That evening at sunset while we were eating dinner in the cockpit, we noticed a great huge anvil shaped cloud on the eastern horizon. Wow, we said, look at that thing! Glad we’re not going over there! Well…little did we know that that thing was heading our way. By midnight we were doing our best to dodge bands of squalls as lightning lit up the sky a few miles distant. There wasn’t too much wind in the squalls but lots of rain. In between, the wind was fluky, so we turned on the engine and left Fritz the autopilot to do its work while we watched from relative safety down below. For a while we heard no thunder from the lightning, which we took to be a good thing. But around 3 AM we were totally surrounded by a lightning squall. We counted the Mississippis between each flash and the rumble. Then came one silent flash, and everything went dark. K hurried over to the instrument panel to reset the switches, and thankfully most of our instruments and equipment came back on. But the autopilot was no longer responding, and our radar was questionable, so we made the decision to head to Midway to see if they’d let us stop for repairs and to check our rig.
The next morning as we approached the island we were very happy to see that it showed up on our radar screen.
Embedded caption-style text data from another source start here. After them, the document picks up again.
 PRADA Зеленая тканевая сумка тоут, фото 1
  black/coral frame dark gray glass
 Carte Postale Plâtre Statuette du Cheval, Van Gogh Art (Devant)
When we called, we were doubly relieved when the Midway National Wildlife Refuge responded – meaning our VHF radio still worked – and said that they would allow us to come into the harbor and tie to their dock as we made repairs. Since one of the channel markers was out of position they even sent someone out to escort us in.
So here we are safely tied to a dock as we work to get ready to continue our journey home. The folks here have been super friendly and supportive, and we’re extremely grateful. It looks like K will be able to get all our important systems functional again and we’ll be ready to go in a couple of days.